**The problem:** Starting at the line that contains "The dual-sided, multi-purpose" and stopping at the line that contains "I will compare", restate each line of the records below exactly. Omit the pictures.

═════ Records supplied

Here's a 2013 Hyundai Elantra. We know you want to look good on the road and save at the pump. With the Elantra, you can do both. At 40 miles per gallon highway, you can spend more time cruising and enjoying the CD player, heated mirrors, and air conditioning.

══════════
═════ Records supplied

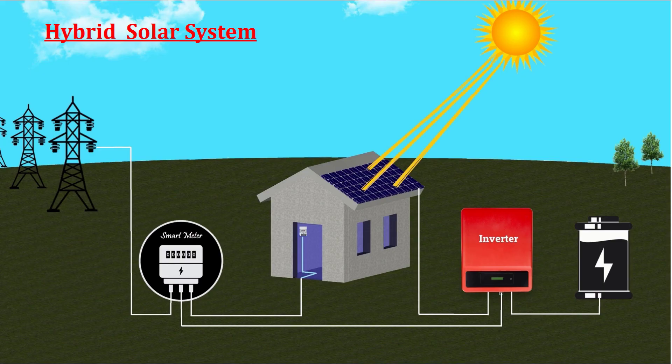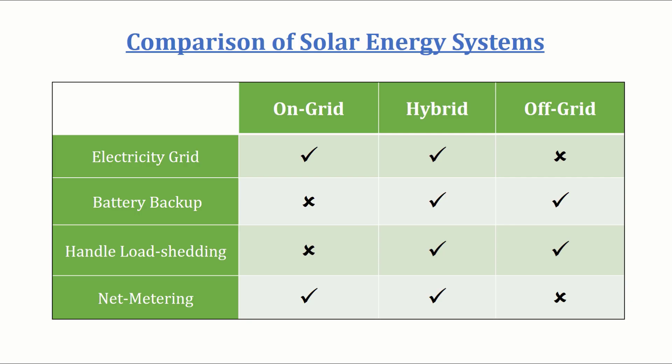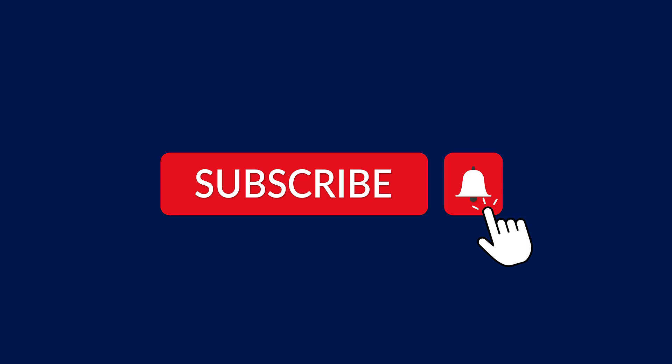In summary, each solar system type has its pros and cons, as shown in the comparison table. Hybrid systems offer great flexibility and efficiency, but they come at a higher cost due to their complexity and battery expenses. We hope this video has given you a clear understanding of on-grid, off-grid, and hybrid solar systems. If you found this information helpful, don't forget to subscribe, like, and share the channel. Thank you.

══════════
═════ Records supplied

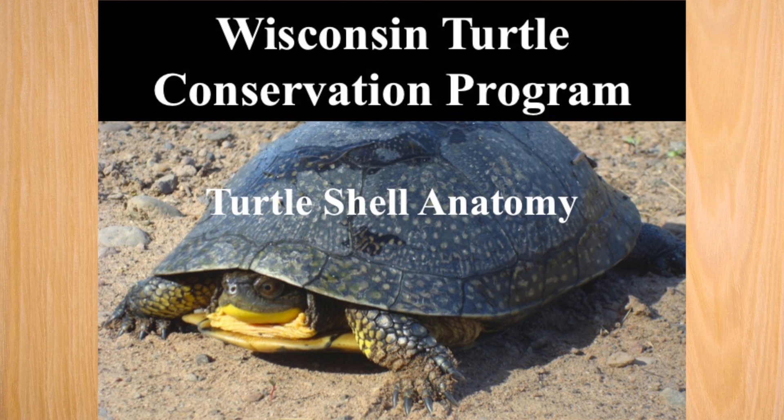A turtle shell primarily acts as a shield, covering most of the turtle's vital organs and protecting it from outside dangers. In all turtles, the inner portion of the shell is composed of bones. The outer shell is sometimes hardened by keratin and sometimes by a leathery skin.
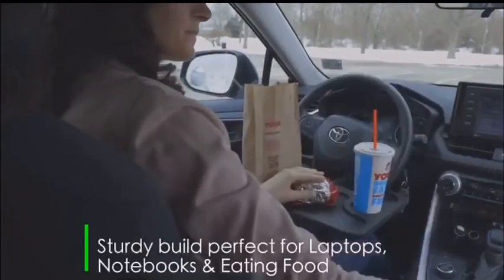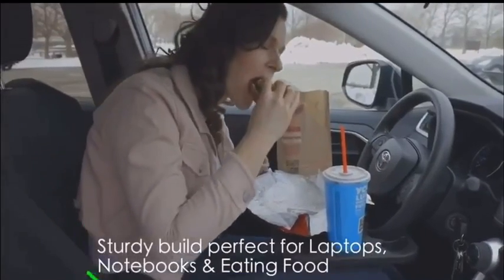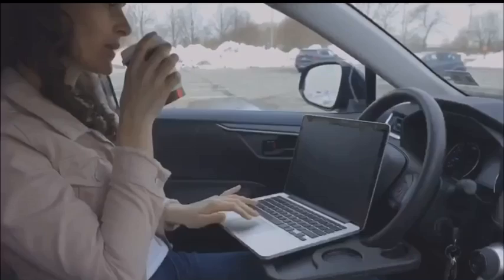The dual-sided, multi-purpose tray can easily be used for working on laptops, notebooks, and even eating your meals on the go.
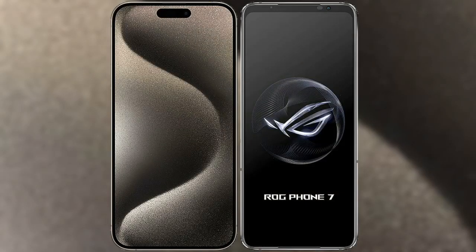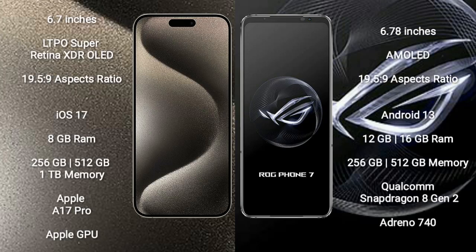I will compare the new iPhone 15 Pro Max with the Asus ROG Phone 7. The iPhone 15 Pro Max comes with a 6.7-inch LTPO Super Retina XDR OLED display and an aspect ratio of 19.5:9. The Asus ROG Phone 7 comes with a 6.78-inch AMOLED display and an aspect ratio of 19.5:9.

══════════

**Solution for this task:**
The dual-sided, multi-purpose tray can easily be used for working on laptops, notebooks, and even eating your meals on the go.
I will compare the new iPhone 15 Pro Max with the Asus ROG Phone 7. The iPhone 15 Pro Max comes with a 6.7-inch LTPO Super Retina XDR OLED display and an aspect ratio of 19.5:9. The Asus ROG Phone 7 comes with a 6.78-inch AMOLED display and an aspect ratio of 19.5:9.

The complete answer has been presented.